Re: Round 3: moving HTTP 1.0 to informational

> Are we converging?

As far as I know.

> I don't like 'treat the media type as if the unrecognized parameter
> and its value were not present' any better, for the same reason: a
> forwarding agent probably shouldn't toss unrecognized parameters.  I
> don't think it's really clear what MIME-IMB means by it, and I don't
> see what it adds.

It is a "you should've figured this one out already, but too many
implementors have already screwed up on it" kind of sentence.  Given
that Mosaic was the worst culprit, I'd like to see it in the spec. 
How about:

    Upon receipt of a media type with an unrecognized parameter,
    a user agent should treat the media type as if the unrecognized
    parameter and its value were not present.

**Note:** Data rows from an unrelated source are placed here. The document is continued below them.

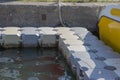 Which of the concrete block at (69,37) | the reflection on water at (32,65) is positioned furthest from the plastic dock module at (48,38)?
the concrete block at (69,37)

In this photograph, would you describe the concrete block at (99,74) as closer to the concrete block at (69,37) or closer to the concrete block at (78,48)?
the concrete block at (78,48)

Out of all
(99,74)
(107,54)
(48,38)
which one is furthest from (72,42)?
(99,74)

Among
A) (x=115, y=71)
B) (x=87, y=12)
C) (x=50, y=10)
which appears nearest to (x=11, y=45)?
(x=50, y=10)

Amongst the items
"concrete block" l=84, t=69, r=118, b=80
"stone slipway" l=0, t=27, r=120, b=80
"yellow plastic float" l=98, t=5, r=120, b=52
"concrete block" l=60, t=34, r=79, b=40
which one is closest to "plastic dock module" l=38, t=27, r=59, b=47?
"stone slipway" l=0, t=27, r=120, b=80

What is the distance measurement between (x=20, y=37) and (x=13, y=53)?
372 millimetres

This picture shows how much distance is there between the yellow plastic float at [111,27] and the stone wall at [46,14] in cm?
116

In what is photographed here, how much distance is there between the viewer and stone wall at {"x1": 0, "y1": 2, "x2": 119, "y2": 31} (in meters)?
7.62

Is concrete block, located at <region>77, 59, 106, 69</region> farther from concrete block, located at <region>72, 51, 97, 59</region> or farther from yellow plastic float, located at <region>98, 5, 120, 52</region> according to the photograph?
yellow plastic float, located at <region>98, 5, 120, 52</region>

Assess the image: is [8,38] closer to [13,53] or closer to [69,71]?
[13,53]

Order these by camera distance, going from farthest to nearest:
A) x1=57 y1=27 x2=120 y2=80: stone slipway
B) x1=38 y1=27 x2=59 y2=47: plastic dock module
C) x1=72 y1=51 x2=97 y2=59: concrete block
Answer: x1=38 y1=27 x2=59 y2=47: plastic dock module
x1=72 y1=51 x2=97 y2=59: concrete block
x1=57 y1=27 x2=120 y2=80: stone slipway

> ================================================================
> Re the ASCII vs 8859-1 default: I think we've just been browsing
> different pages. It seems the problem was the escape of Mosaic-l10n,
> and the use of different font code sets for Russian, Greek, etc.

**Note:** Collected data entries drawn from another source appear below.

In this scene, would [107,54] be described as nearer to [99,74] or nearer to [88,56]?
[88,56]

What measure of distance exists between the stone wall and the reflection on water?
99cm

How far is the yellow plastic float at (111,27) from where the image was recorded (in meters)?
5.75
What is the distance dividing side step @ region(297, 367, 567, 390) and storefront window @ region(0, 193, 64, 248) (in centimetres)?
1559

Yes, I know about the problem, but we went to great lengths to
convince the Mosaic-l10n crowd and all other developers that an
explicit charset parameter is the right way to do what they were
doing. They agreed, and now current practice is that no charset again
implies ISO-8859-1 and, aside from closed systems where some other
default is known to the user, a charset is needed to switch character sets.

>> I don't see how.  All WWW software defaults to ISO-8859-1 as per the
>> original design of the Web.
> 
> ?? Mosaic-l10n was pretty popular.

Yes, but not as popular as all the systems that assume ISO-8859-1 and
do not allow any changing of that default.

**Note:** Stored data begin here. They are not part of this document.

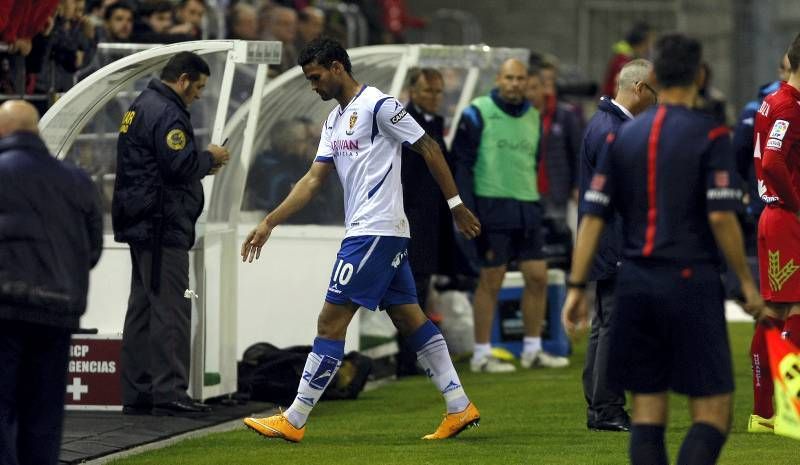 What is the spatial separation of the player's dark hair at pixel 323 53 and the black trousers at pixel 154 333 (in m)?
1.98

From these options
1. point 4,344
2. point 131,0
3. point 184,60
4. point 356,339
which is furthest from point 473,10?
point 4,344

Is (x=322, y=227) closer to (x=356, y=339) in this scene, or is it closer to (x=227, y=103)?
(x=356, y=339)

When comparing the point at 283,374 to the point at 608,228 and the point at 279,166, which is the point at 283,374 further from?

>> That is true of libwww, libwww-perl, the
>> Python libraries, Mosaic, NCSA httpd, Apache httpd, Spyglass Mosaic,
>> MS Internet Explorer, and Netscape Navigator.
> 
> I was thinking of 'servers' not 'clients'. Yes, most ISO-8859-1
> clients assume ISO-8859-1.

When the Apache server sends text/html, it is intending to say
text/html;charset="iso-8859-1".  Users are capable of changing the
charset parameter on documents served by Apache.  What spawned Mosaic-l10n
was the belief that it was easier to hack the clients to guess
a charset than it was to both fix the clients to recognize charset and
fix the older NCSA server (which had no knowledge of media type parameters
of any kind) to send the charset parameter.  That reasoning is no longer
valid.  Since we have fixed both the clients and the servers to do the
right thing, there's no point in saying that doing the wrong thing is
current practice.

>> I disagree -- all current practice that is not known to be broken
>> is saying charset="ISO-8859-1" if no charset is present.  That is
>> in the definition of the HTTP protocol.
> 
> It's really hard to find a web server there that *doesn't* use
> whatever-ya-got as the character encoding.  If it were just a few here
> and there, I'd go along with you, but when it's all over, it's hard to
> swallow saying "oh, they're just broken" and have it apply to
> www.*.ru, www.*.jp, www.*.gr, www.*.kr, www.*.cn etc.
> 
> How about:
> 
> #   The "charset" parameter is used with some media types to define
> #   the character set (Section 3.4) of the data.  When no explicit
> #   charset parameter is provided by the sender, media subtypes of the
> #   "text" subtype are defined to have a default charset value of
> #   "ISO-8859-1" when received via HTTP. However, currently many web
> #   servers ignore have ignored this specification, and provide data
> #   using other charsets but without proper labelling. To compensate
> #   for this, some HTTP user agents provide a configuration option to
> #   allow the user to change the default interpretation of the media
> #   type character set when no charset parameter is given. This
> #   situation reduces interoperability. It is recommended servers that
> #   provide text in character streams other than ISO-8859-1 should
> #   label the data appropriately.
> 
> This both promotes the 'recommended' behavior and also tells the
> situation. 

No, it mixes things up.  If you want to say that, the correct thing to
do is:

   The "charset" parameter is used with some media types to define
   the character set (Section 3.4) of the data.  When no explicit
   charset parameter is provided by the sender, media subtypes of the
   "text" subtype are defined to have a default charset value of
   "ISO-8859-1" when received via HTTP.  Data in character sets other
   than "ISO-8859-1" or its subsets must be labelled with an appropriate
   charset value in order to be consistently interpreted by user agents.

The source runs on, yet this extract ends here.